Raymer v. State

Decision Date10 October 1978
Docket NumberNo. 1-777A138,1-777A138
Citation177 Ind.App. 696,381 N.E.2d 109
PartiesNorman E. RAYMER, Defendant-Appellant, v. STATE of Indiana, Plaintiff-Appellee.
CourtIndiana Appellate Court

Stephen R. Lewis, Indianapolis, for defendant-appellant.

Theo. L. Sendak, Atty. Gen., Wesley T. Wilson, Deputy Atty. Gen., Indianapolis, for plaintiff-appellee.

LOWDERMILK, Judge.

STATEMENT OF THE CASE

Defendant-appellant Norman E. Raymer appeals from his conviction by a jury of burglary in the first degree.

We affirm.

FACTS

The evidence most favorable to the State shows that Raymer and Michael Witt stopped at the residence of Charles Sidlinger on the morning of March 30, 1976. When no one answered their knock at the door, they opened the door of the attached garage and went into the garage. Their efforts were interrupted when a neighbor, Wayne Drake, came to investigate. Raymer and Witt sped away when Drake commenced questioning them. Drake followed them and obtained the license number of the automobile.

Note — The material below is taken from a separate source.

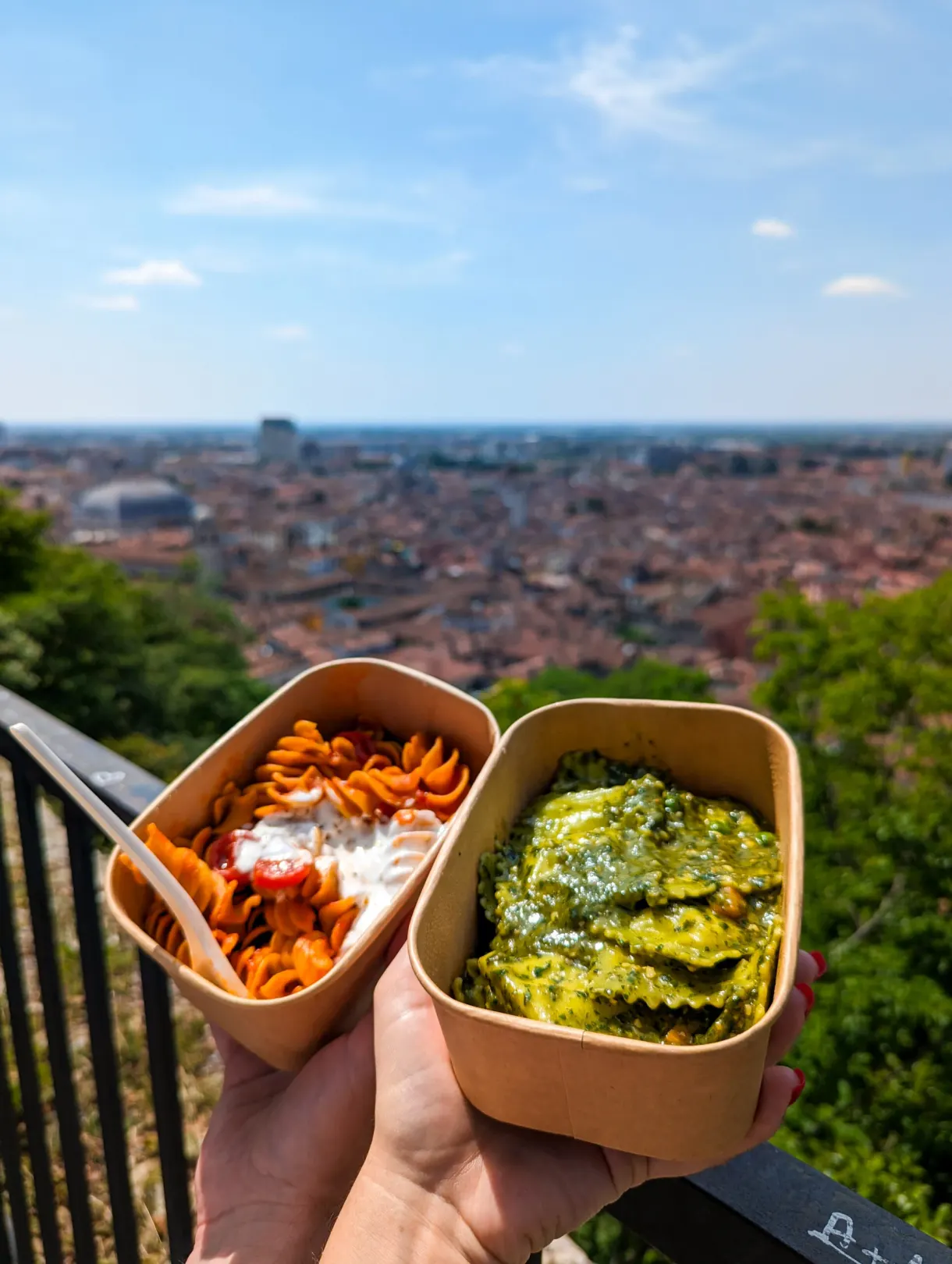Two trays of pasta held up against the view over the city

At Raymer's trial, Witt testified in detail concerning the presence of Raymer and Witt at the Sidlinger home and their activities earlier and later that same day. Tammy Whitaker, with whom Raymer allegedly lived at the time of the burglary, gave testimony which tended to support Witt's statements and also rebutted parts of Raymer's testimony.

ISSUES

Raymer lists five issues:

1. Is there sufficient evidence to prove Raymer's participation in the burglary?

2. Did the trial court admit hearsay testimony?

3. Did the trial court err in denying Raymer's motions for mistrial?

4. Did the trial court err in deleting a portion of Raymer's tendered instruction before reading it to the jury?

5. Did the trial court err in denying Raymer's motion for discharge?

Issue One

Raymer argues that the State presented insufficient evidence to prove Raymer's participation in the burglary. In his brief Raymer makes the statement, "There was no credible evidence that the Defendant-Appellant (Raymer) committed the crime of First Degree Burglary unless we accept as true the version offered by (Witt)."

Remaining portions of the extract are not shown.